▸ **Work task**
Your copy runs from the line containing "雨点落在挡风玻璃上，落在背景侧后视镜上。" through the last line of the listing, both included. Restate those lines word for word and leave out pictures.

[Start of Attachment]

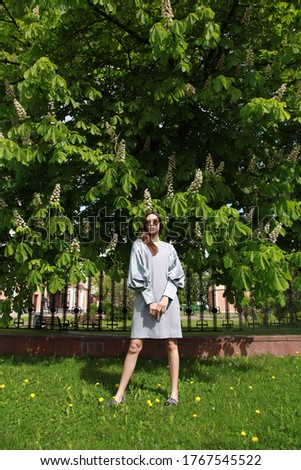 Street fashion concept: full body portrait of young beautiful woman standing in the green park. Model looking aside. Caucasian lady wearing grey silver dress coat, shiny trendy shoes. Fashion concept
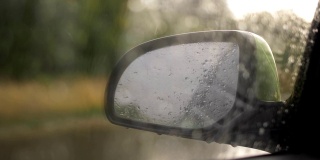 雨点落在挡风玻璃上，落在背景侧后视镜上。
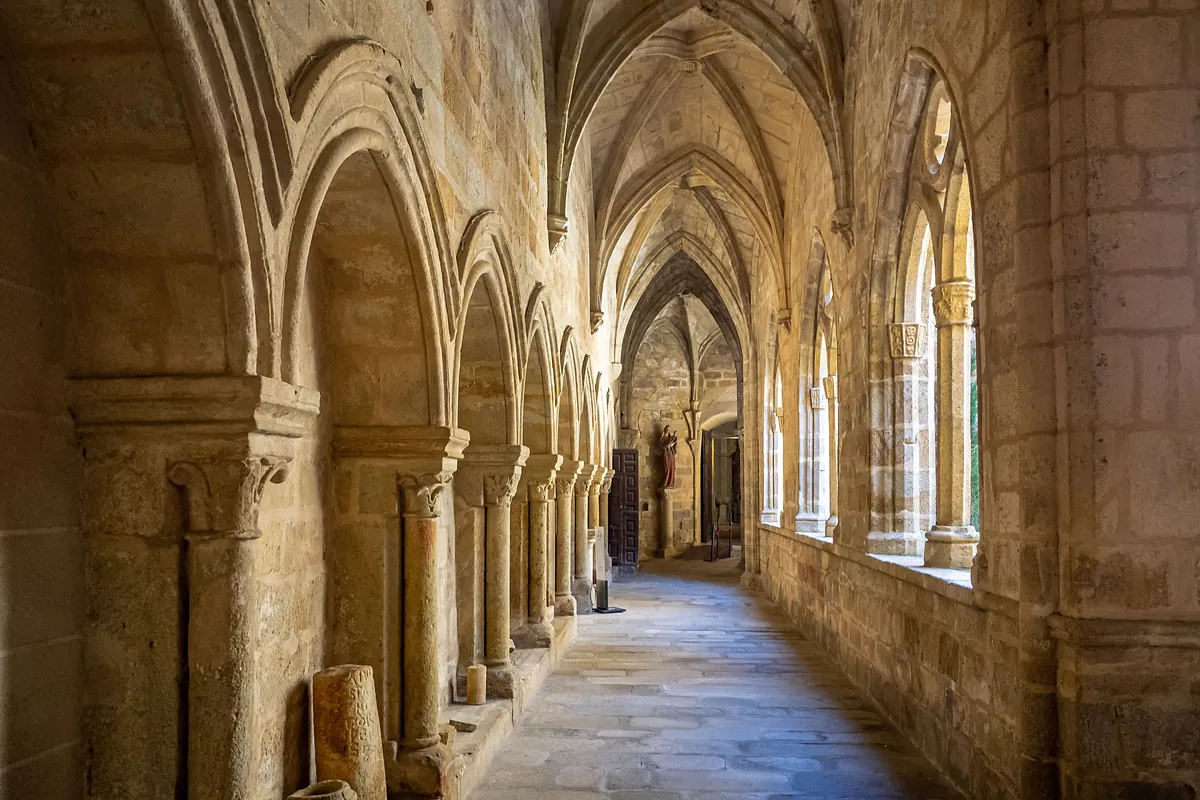 A stone cloister corridor with Gothic arches in a Spanish monastery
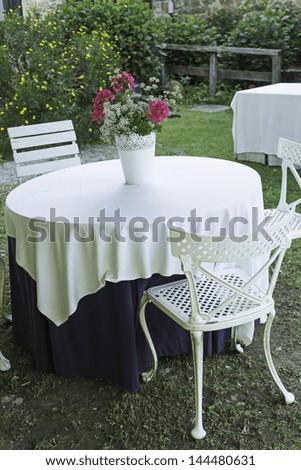 Restaurant table and chairs garden with flowers, and catering business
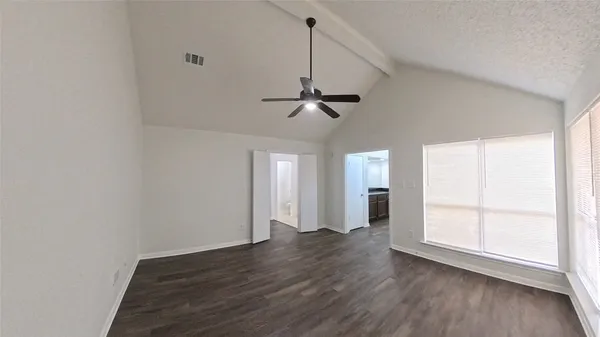 an empty room with wooden floor ceiling fan and windows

[End of Attachment]

▸ **Output below**
 雨点落在挡风玻璃上，落在背景侧后视镜上。
 A stone cloister corridor with Gothic arches in a Spanish monastery
 Restaurant table and chairs garden with flowers, and catering business
 an empty room with wooden floor ceiling fan and windows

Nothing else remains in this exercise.